Exploration and achievement were also written on that magic slate and are represented in the exhibition: Auguste-Rosalie Bisson and his party climbed Mont Blanc in 1864, lugging an enormous box camera, glass plate negatives, and bottles of photographic chemicals to document their ascent and the view from the summit; less triumphantly but more poignantly, Robert Peary recorded himself, his ship, and the icy northern landscape thirty years later during a failed attempt to reach the North Pole. William Mayfield caught Orville Wright at the controls of a Wright Model E in 1913, and Mieczyslaw Berman made a modernist collage in 1927 celebrating Charles Lindbergh's transatlantic crossing.
Some photographs in the exhibition evoke moments of struggle, tragedy, and war that have shaped our world. One image shows the Lincoln funeral train along the curved tracks of the Philadelphia train station as it bore the fallen president home to Illinois, while another, by Alexander Gardner, shows the Lincoln assassination conspirators under guard at the gallows, moments before their execution. Only in the twentieth century, with hand-held cameras and fast exposures, could photographers truly work in the midst of battle, and Robert Capa's Falling Loyalist Soldier (1936) is the iconic image of a soldier's sacrifice. Other photographs in the exhibition capture Hitler leaving the Landsberg Prison in 1924, Mussolini giving orders to the commander of the Fascist militia in 1931, and De Gaulle triumphantly re-entering a liberated Paris in 1944.

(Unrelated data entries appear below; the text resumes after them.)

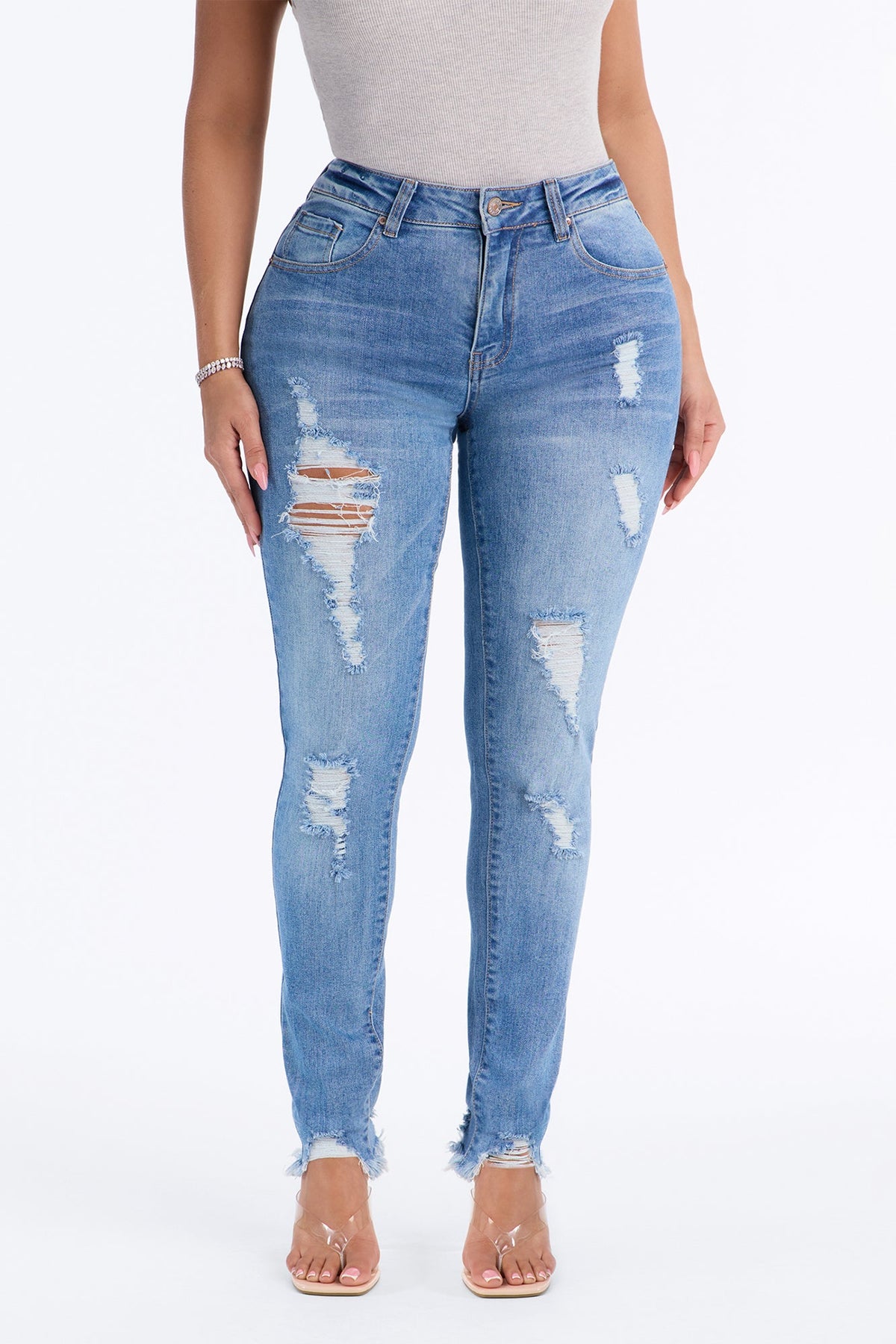 All Caught Up Ripped Raw Hem Skinny Jeans - Medium Wash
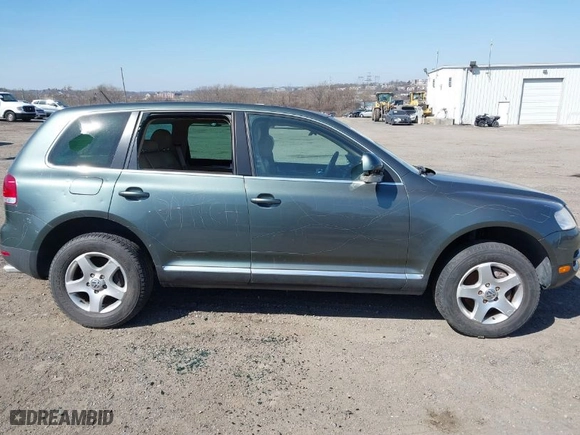 2006 Volkswagen Touareg 3.2L V6 with VIN WVGZG77L16D004762, listed as a IAAI auction lot 41763692 with 93,027 mi miles. Bid and sale history available at carsss.com. Image 14.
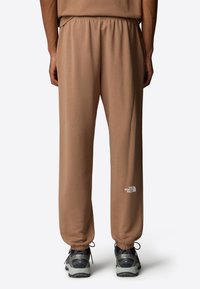 Lichtbruine trainingsbroek met een elastische tailleband, voorzien van een klein wit logo op het linkerpijpje en afgewerkte boorden. Gecombineerd met grijze sneakers.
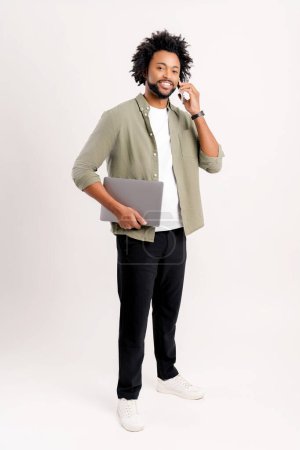 Foto de Positivo y exitoso joven freelancer en una camisa y con un portátil habla por teléfono. Concepto de estilo de vida, tecnología. Aislado sobre fondo blanco - Imagen libre de derechos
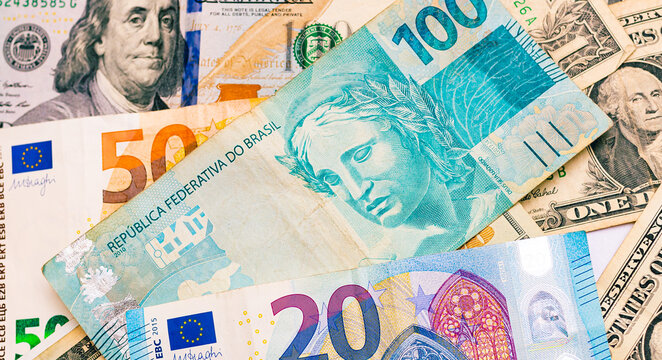Real, D&oacute;lar e Euro. C&eacute;dulas banc&aacute;rias em fotografia macro. Conceito de c&acirc;mbio, neg&oacute;cios internacionais e economia brasileira.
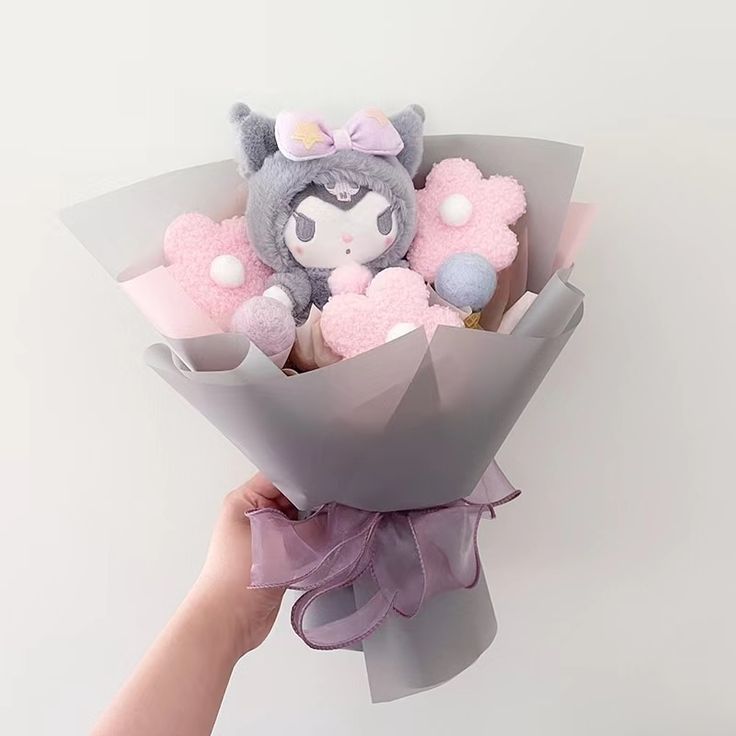 a person holding a bouquet of stuffed animals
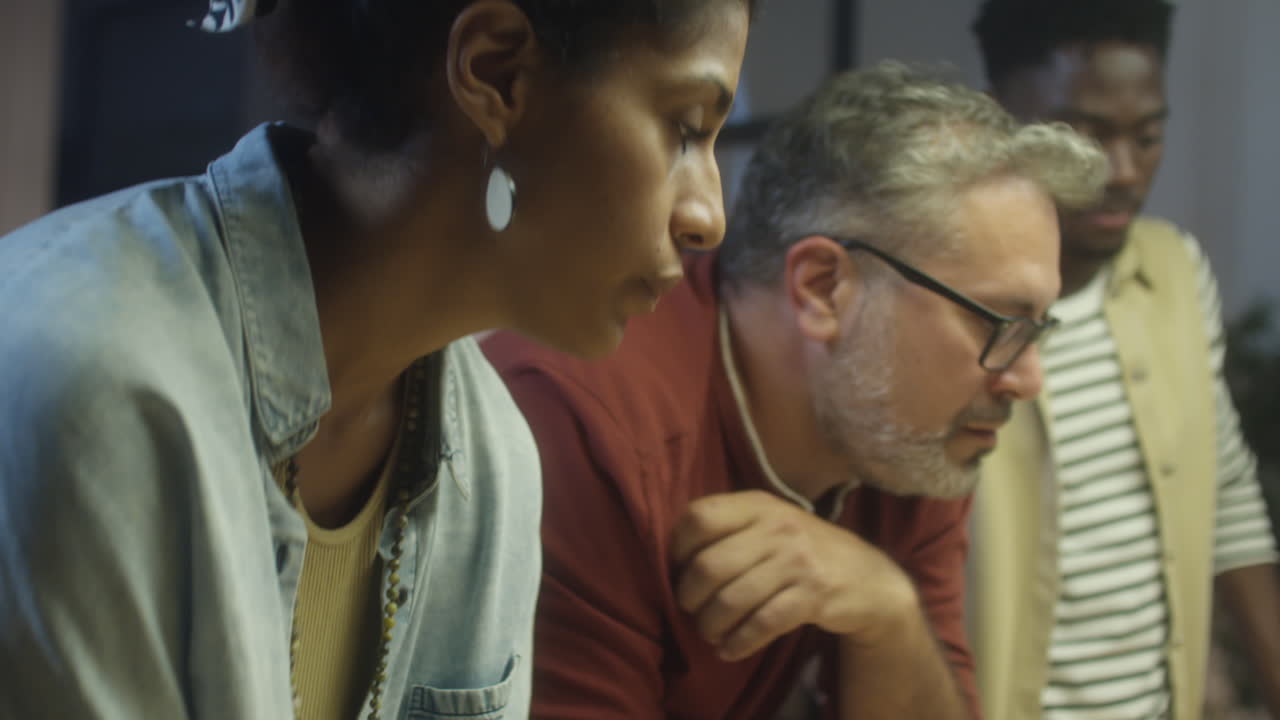 Business Team Working on Project at Night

As It Happened celebrates modern man's pastimes and flights of fancy. The camera goes fox hunting in Italy and does the foxtrot in Russia, watches Nijinsky leap and accompanies Picasso to a costume ball. It makes palpable the twentieth century's passion for speed in Jacques-Henri Lartigue's The Grand Prix of the A.C.F., and in such photographs as Anton Bragaglia's Change of Position or Harold Edgerton's Drop of Milk, photography makes visible that which the eye itself cannot perceive.